Different conditions necessitate a different style. Just as the game of the cloisters differed from the game of the playing fields in English public schools, so, in the tight, uneven, restricted spaces of the poorer areas of Buenos Aires and Montevideo, other skills developed and a new style was born: ‘a home-grown way of playing football,’ as Galeano put it, ‘like the home-grown way of dancing which was being invented in the
milonga
clubs. Dancers drew filigrees on a single floor tile, and football players created their own language in that tiny space where they chose to retain and possess the ball rather than kick it, as if their feet were hands braiding the leather. On the feet of the first Creole virtuosos,
el toque
, the touch, was born: the ball was strummed as if it were a guitar, a source of music.’

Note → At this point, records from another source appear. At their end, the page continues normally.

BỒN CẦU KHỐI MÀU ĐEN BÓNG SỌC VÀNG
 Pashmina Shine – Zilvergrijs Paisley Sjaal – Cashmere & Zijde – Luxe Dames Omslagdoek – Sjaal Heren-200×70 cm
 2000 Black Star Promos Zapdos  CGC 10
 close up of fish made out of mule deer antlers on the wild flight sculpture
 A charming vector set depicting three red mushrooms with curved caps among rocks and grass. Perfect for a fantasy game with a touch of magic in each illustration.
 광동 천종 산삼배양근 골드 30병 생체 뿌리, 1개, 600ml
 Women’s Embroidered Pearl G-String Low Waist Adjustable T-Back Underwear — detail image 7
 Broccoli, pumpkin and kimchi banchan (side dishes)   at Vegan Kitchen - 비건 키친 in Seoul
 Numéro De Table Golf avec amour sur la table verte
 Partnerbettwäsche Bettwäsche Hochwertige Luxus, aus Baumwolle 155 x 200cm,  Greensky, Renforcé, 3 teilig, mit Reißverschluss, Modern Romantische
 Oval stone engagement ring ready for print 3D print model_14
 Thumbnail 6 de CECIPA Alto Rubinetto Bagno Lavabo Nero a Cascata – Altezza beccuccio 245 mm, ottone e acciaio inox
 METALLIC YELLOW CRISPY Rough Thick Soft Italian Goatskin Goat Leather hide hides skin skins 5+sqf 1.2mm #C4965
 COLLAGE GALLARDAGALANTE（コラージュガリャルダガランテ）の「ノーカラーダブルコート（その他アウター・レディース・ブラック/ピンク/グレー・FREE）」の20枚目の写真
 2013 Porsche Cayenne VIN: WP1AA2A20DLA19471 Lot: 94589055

Prioritising different virtues, the two styles could not comfortably coexist, and so, inevitably, when old and new met, there was conflict. That was apparent as early as 1905, when the physicality of Nottingham Forest against a representative XI - made up largely of Anglo-Argentinians - in the sixth game of their tour led to considerable ill-feeling. The
Herald
, pro-British as ever, even felt moved to issue a magnificently grand rebuke to those who had dared to criticise Forest’s approach: ‘a game especially intended to improve the stamina and try the strength of young men in the prime of life is not necessarily a parlour game.’ Acrimony became a feature of subsequent tours, caused largely by a fundamental disagreement on the part the shoulder-charge had to play in the game.

Swindon Town’s tour of 1912 was one of the few that could be judged a success, and from that came a realisation that the British might perhaps have something to learn. Samuel Allen, the Swindon manager, was generally approving, saying he had seen no better football between amateur sides, but even he expressed a concern that local players ‘look on individual exploits as the main thing, and every time there was a chance to show clever work single-handed, it was taken’. Even traditionalists within Argentina were sceptical about the creolisation of the game. Jorge Brown, a former Alumni player of British origin, protested in the early 1920s that the new style of football ‘was weakened by an excess of passing close to the goal. It is a game that is more fine, perhaps more artistic, even apparently more intelligent, but it has lost its primitive enthusiasm.’ It was a criticism that would become increasingly familiar; until Hungary in 1953 settled the debate decisively at Wembley, Britain laboured under the delusion that the rest of the world suffered from a lack of directness in front of goal.

Nobody who watched Uruguay in the 1924 Olympics could have been so misguided. Argentina chose to stay at home, but Uruguay went to Paris and wrote one of the great stories of early football. Galeano has a tendency to over-romanticise, but his evident glee in his country’s gold medal is hard to begrudge. This was, first and foremost, a team of workers, including, among other professions, a meat-packer, a marble-cutter, a grocer and an ice-salesman. They travelled to Europe in steerage, and played to pay for their board, winning nine friendlies in Spain before they even reached France. Uruguay were the first Latin American side to tour Europe, but they attracted little attention - at least initially - only around 2,000 turning up to watch them eviscerate Yugoslavia 7-0 in their opening game in the Olympics.